Под кровом напротив входа сидел крепкий еще старик с седыми волосками на подбородке. Густые с сильной проседью волосы пышно прикрывали его широкие скулы, лежали на обнаженных плечах. Рядом с ним сидела полуобнаженная старуха с перекошенным ртом. Из-за их спин на гостей с любопытством поглядывали две девки.
Передовщик втянул за собой пищаль с заиндевевшим стволом, положил ее на шкуры у входа. Девки весело прыснули, глядя на обмерзшие бороды пришельцев. Пантелей поприветствовал их всех по-тунгусски. Старуха подбросила веток на угли. Последним влез в чум Синеуль и бойко залопотал, рассказывая о своих друзьях. Пантелей прислушивался к говору и время от времени вставлял словцо, показывая, что он не безухий.

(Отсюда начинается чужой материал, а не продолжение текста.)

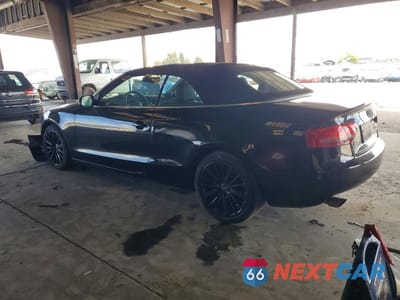 Drugie zdjęcie samochodu z przodu: 2010 AUDI A5 PRESTIGE VIN:WAUVFAFHXAN007952 - miniatura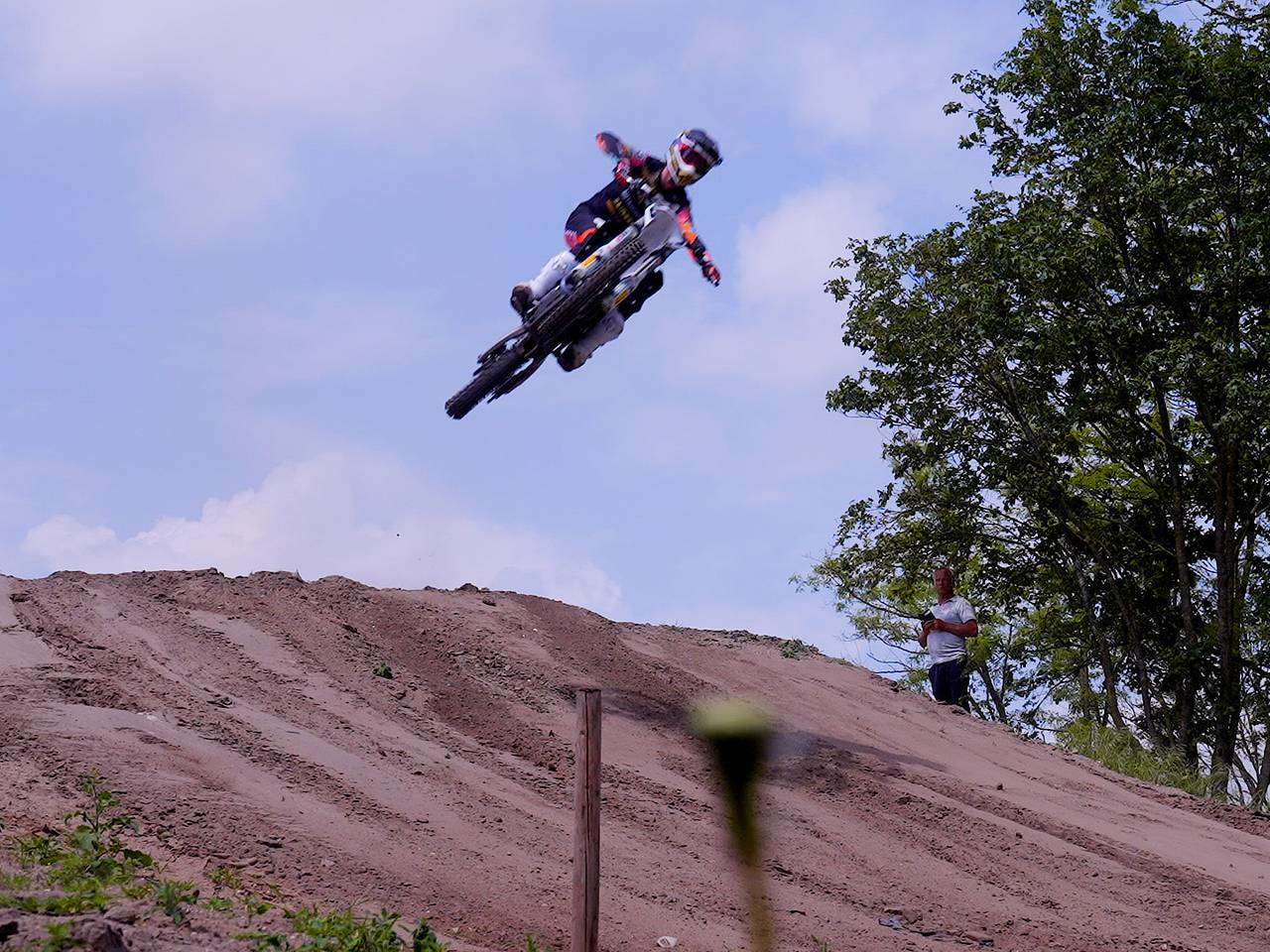 De MXGP Oss gaat door.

Из другого чума пришел мужик – брат князца. Синеуль стал рассказывать по-русски все, что узнал от тунгусов чилкагирского племени. Он не винился за задержку, оправдываясь своими рассказами.
По берегу Ламы и в верховьях Елеунэ, что начинается где-то за горами, и дальше в полночную сторону кочевало и добывало пропитание многочисленное тунгусское племя, которое никому не платило ясак.
– Мата Мажи! – почтительно кивнул на старика Синеуль. Тот поднял голову, с достоинством взглянул на пришельцев. В морщинистых, обветренных глазницах блеснули молодые, зоркие глаза. – Мажи с братом потеряли оленей и стоят здесь, промышляют рухлядь и изюбря, меняют соболей и лис на быков. Безоленные, они вынуждены платить ясак то братам, то мунгалам.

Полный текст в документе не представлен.